Aim of the exercise: Please transcribe the lines below exactly, and leave every image behind.

▼

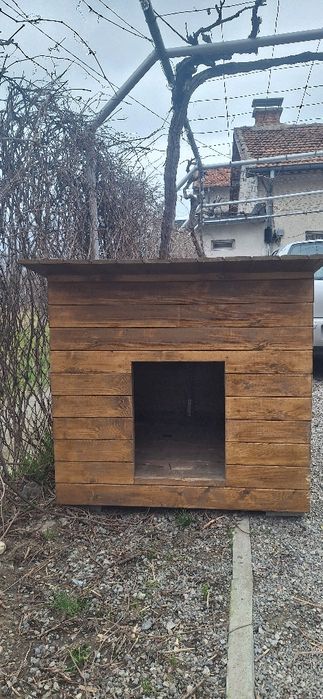 Колиба за голямо куче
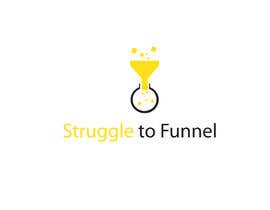 #33 för Design a logo for &quot;Struggle to Funnel&quot; av annamiftah92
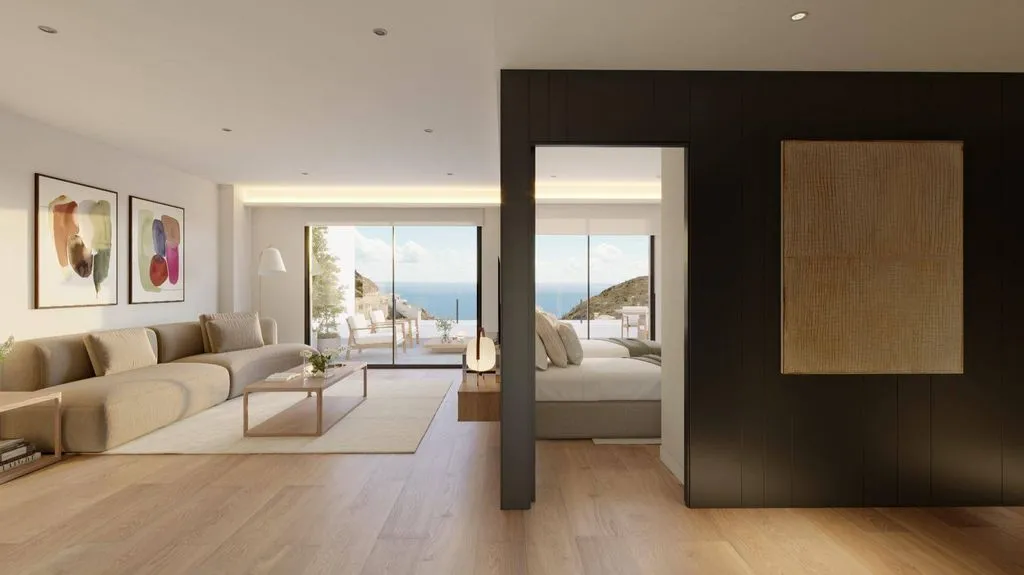 Luxury Penthouse with Pool in Benitachell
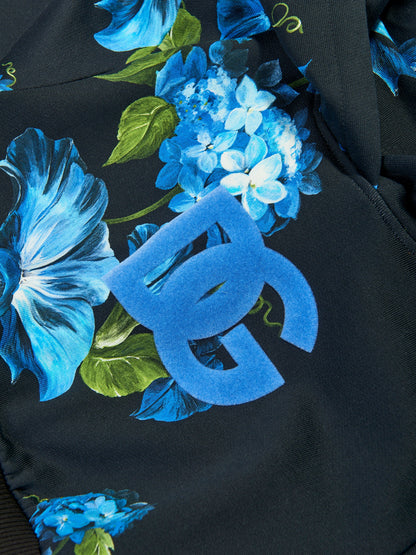 Dolce & Gabbana 女童铃铛花连帽衫（多色）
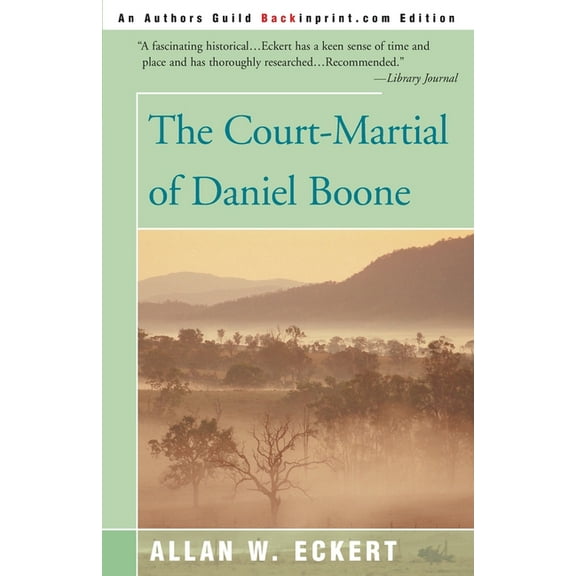The Court-Martial of Daniel Boone, (Paperback)
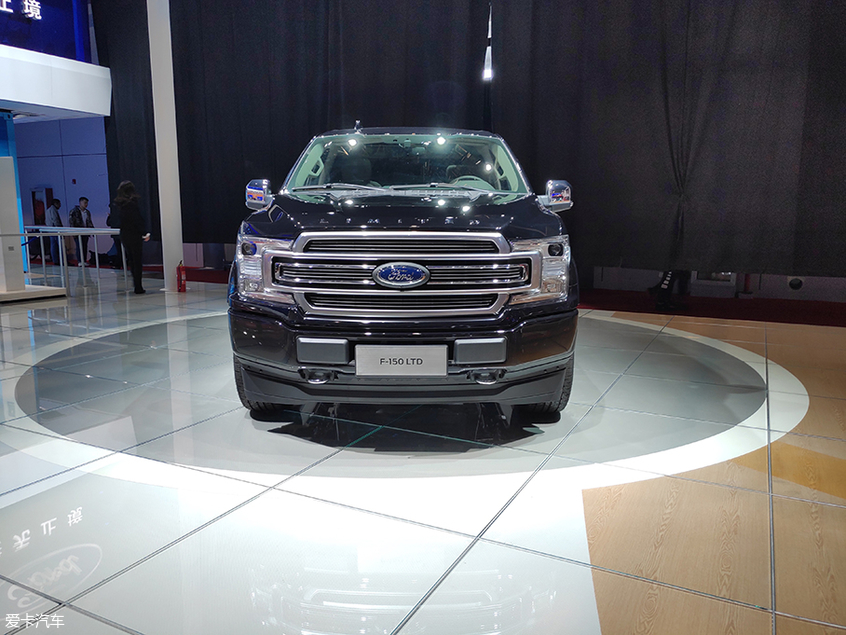 上海车展：福特F-150 LTD车型正式亮相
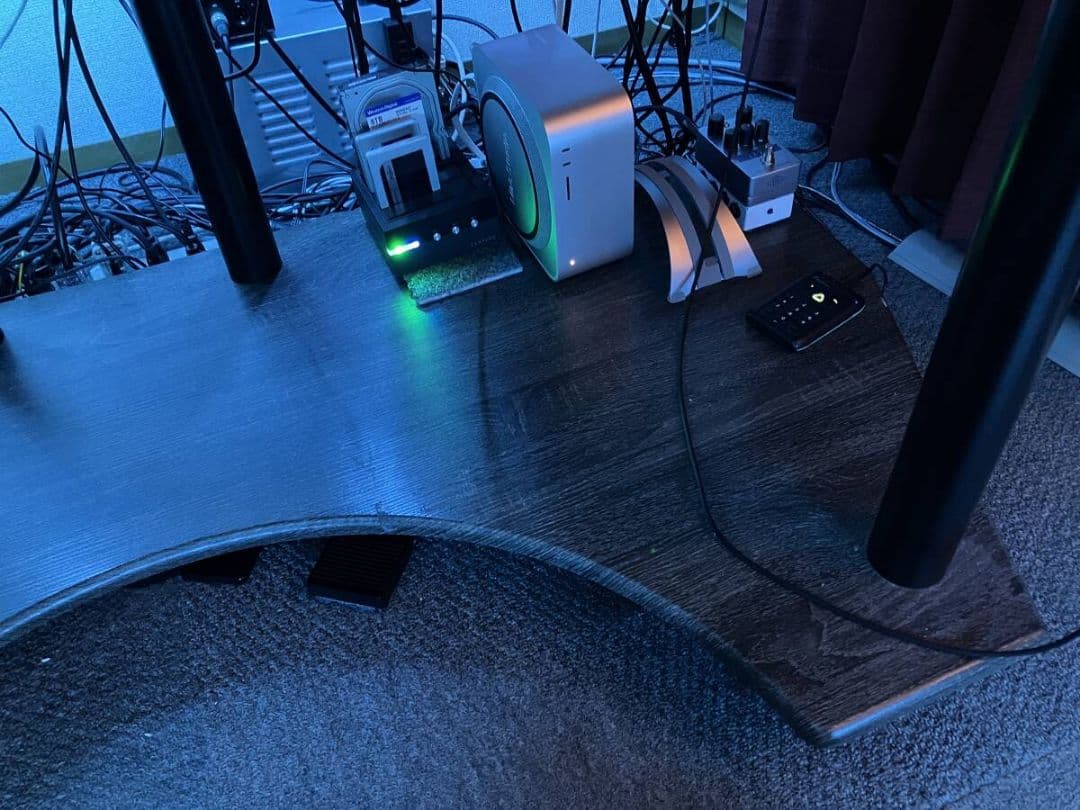 DTMデスク　Key ProStyle KWD-200　諸々改造済み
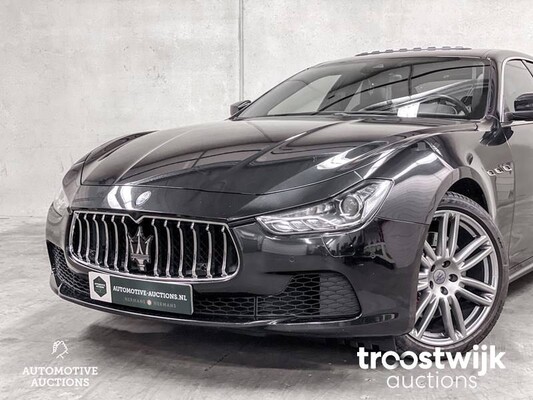 Maserati Ghibli 3.0 V6 D GranSport FACELIFT -Orig. NL- 275pk 2017,  PG-705-R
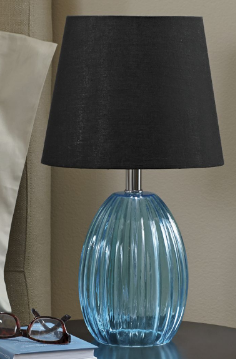 Kismet Lamp- no shade, open box Ret...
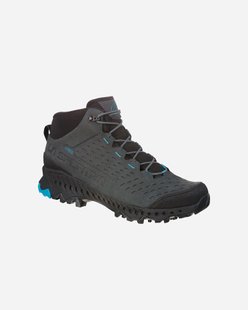 Полуботинки La Sportiva Pyramid GTX, Carbon/Tropic Blue, р.42 (24H900614 42)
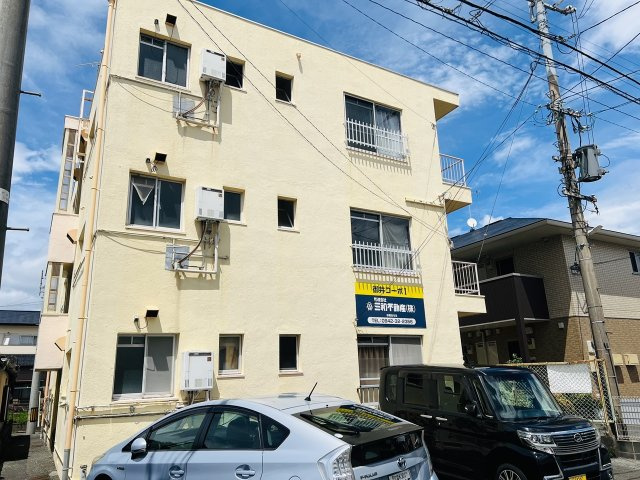 御井コーポⅠの外観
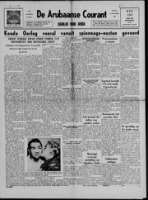 De Arubaanse Courant (24 September 1954), Aruba Drukkerij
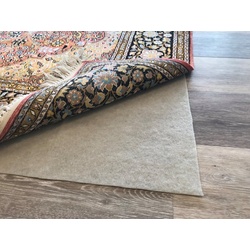 Antirutsch Teppichunterlage Antirutschmatte Teppichunterlage Teppich Stopper Teppichunterleger in Braun, Teppich-Traum braun|weiß 80 cm x 150 cm x 3 mm
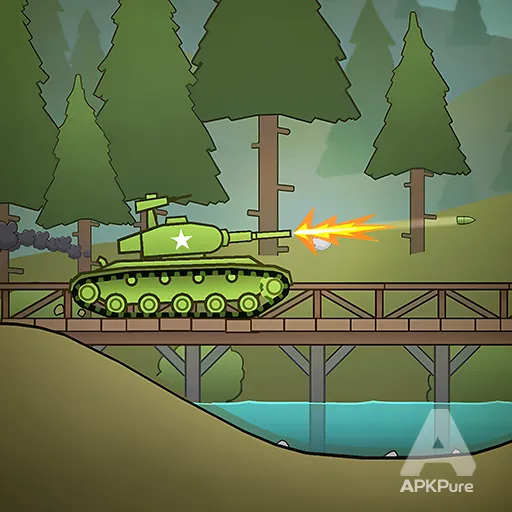 Armored Heroes - Tank Wars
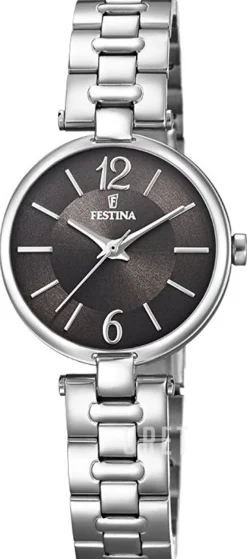 Mademoiselle Grå/Stål Ø28 mm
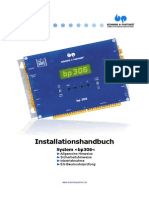 Böhnke bp306 Installationshandbuch PDF
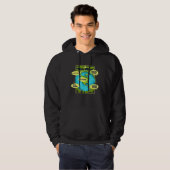 Ga Vegan Worldwide Hoodie (Voorkant volledig)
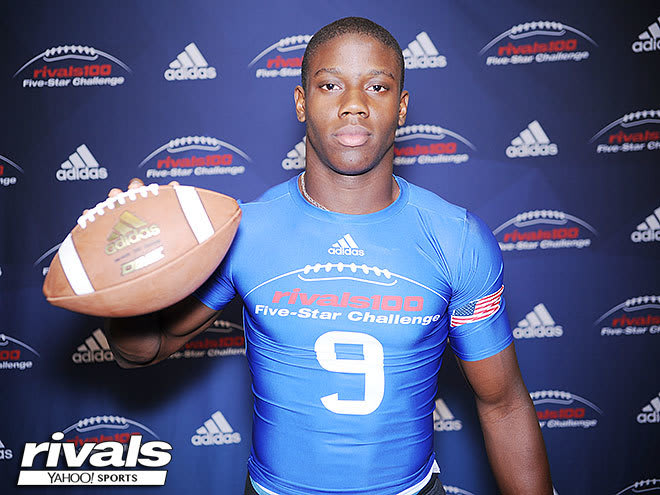 Latest Notre Dame commit Kevin Austin enters the Rivals100 at No. 69.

▲

Answer area:
 Колиба за голямо куче
 #33 för Design a logo for &quot;Struggle to Funnel&quot; av annamiftah92
 Luxury Penthouse with Pool in Benitachell
 Dolce & Gabbana 女童铃铛花连帽衫（多色）
The Court-Martial of Daniel Boone, (Paperback)
 上海车展：福特F-150 LTD车型正式亮相
 DTMデスク　Key ProStyle KWD-200　諸々改造済み
 Maserati Ghibli 3.0 V6 D GranSport FACELIFT -Orig. NL- 275pk 2017,  PG-705-R
 Kismet Lamp- no shade, open box Ret...
 Полуботинки La Sportiva Pyramid GTX, Carbon/Tropic Blue, р.42 (24H900614 42)
 御井コーポⅠの外観
 De Arubaanse Courant (24 September 1954), Aruba Drukkerij
 Antirutsch Teppichunterlage Antirutschmatte Teppichunterlage Teppich Stopper Teppichunterleger in Braun, Teppich-Traum braun|weiß 80 cm x 150 cm x 3 mm
 Armored Heroes - Tank Wars
 Mademoiselle Grå/Stål Ø28 mm
 Böhnke bp306 Installationshandbuch PDF
 Ga Vegan Worldwide Hoodie (Voorkant volledig)
 Latest Notre Dame commit Kevin Austin enters the Rivals100 at No. 69.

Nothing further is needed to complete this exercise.